Bug 60158 - AIOOBE in VBAMacroReader
Summary: AIOOBE in VBAMacroReader
Alias: None
Product: POI
Classification: Unclassified
Component: POI Overall (show other bugs)
Version: 3.15-dev
Hardware: PC All
: P2 normal (vote)
Target Milestone: ---
Assignee: POI Developers List
Depends on:
Reported: 2016-09-20 19:56 UTC by Tim Allison
Modified: 2016-10-18 12:58 UTC (History)
0 users

triggering file (36.50 KB, application/msword)
2016-09-20 19:56 UTC, Tim Allison

Note You need to log in before you can comment on or make changes to this bug.
Description Tim Allison 2016-09-20 19:56:54 UTC
Created attachment 34282 [details]
triggering file

While working TIKA-2069, I got an AIOOBE on a test file that I generated by taking the docm that Jeff Swindle submitted and saving as .doc.

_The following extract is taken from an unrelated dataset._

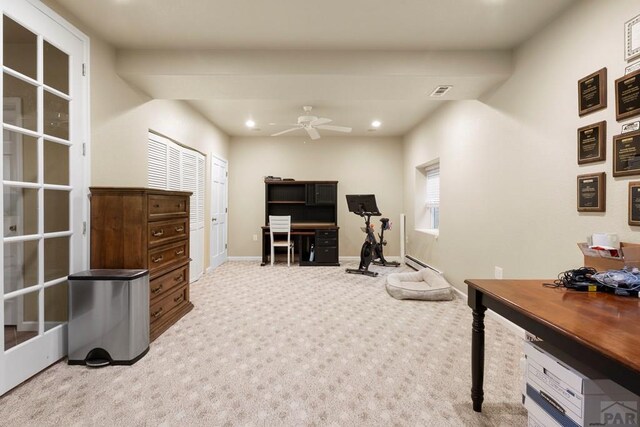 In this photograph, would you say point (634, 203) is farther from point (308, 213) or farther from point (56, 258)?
point (308, 213)

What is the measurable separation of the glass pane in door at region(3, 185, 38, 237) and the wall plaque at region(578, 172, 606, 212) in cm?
383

I confirmed this AIOOBE in pure POI:

Exception in thread "main" java.lang.ArrayIndexOutOfBoundsException: -1
	at java.io.ByteArrayInputStream.read(ByteArrayInputStream.java:144)
	at org.apache.poi.util.RLEDecompressingInputStream.<init>(RLEDecompressingInputStream.java:77)
	at org.apache.poi.poifs.macros.VBAMacroReader.readModule(VBAMacroReader.java:204)
	at org.apache.poi.poifs.macros.VBAMacroReader.readMacros(VBAMacroReader.java:308)
	at org.apache.poi.poifs.macros.VBAMacroReader.findMacros(VBAMacroReader.java:155)
	at org.apache.poi.poifs.macros.VBAMacroReader.findMacros(VBAMacroReader.java:160)
	at org.apache.poi.poifs.macros.VBAMacroReader.findMacros(VBAMacroReader.java:160)
	at org.apache.poi.poifs.macros.VBAMacroReader.readMacros(VBAMacroReader.java:116)
	at org.apache.poi.poifs.macros.VBAMacroExtractor.extract(VBAMacroExtractor.java:83)
	at org.apache.poi.poifs.macros.VBAMacroExtractor.extract(VBAMacroExtractor.java:123)
	at org.apache.poi.poifs.macros.VBAMacroExtractor.main(VBAMacroExtractor.java:54)
Comment 1 Tim Allison 2016-09-20 19:58:27 UTC
Same exception with the original .docm file that Jeff submitted on TIKA-2069
Comment 2 Javen O'Neal 2016-09-21 01:19:20 UTC
I added a failing unit test to POI in r1761652 using test-macro-doc.docm from TIKA-2069 [1] submitted by Jeff Swindle

[1] https://issues.apache.org/jira/browse/TIKA-2069
Comment 3 Tim Allison 2016-10-17 19:49:19 UTC
Slightly less than 50% of the macro exceptions are caused by this. See xlsx reports on https://issues.apache.org/jira/browse/TIKA-2104.
Comment 4 Tim Allison 2016-10-18 12:26:17 UTC
I think this is a problem in RLEDecompressingInputStream.

In readChunk(), under 

if ((tokenFlags & POWER2[n]) == 0) {

if the int that is read is 'ff', when that gets cast to a byte, its value becomes -1.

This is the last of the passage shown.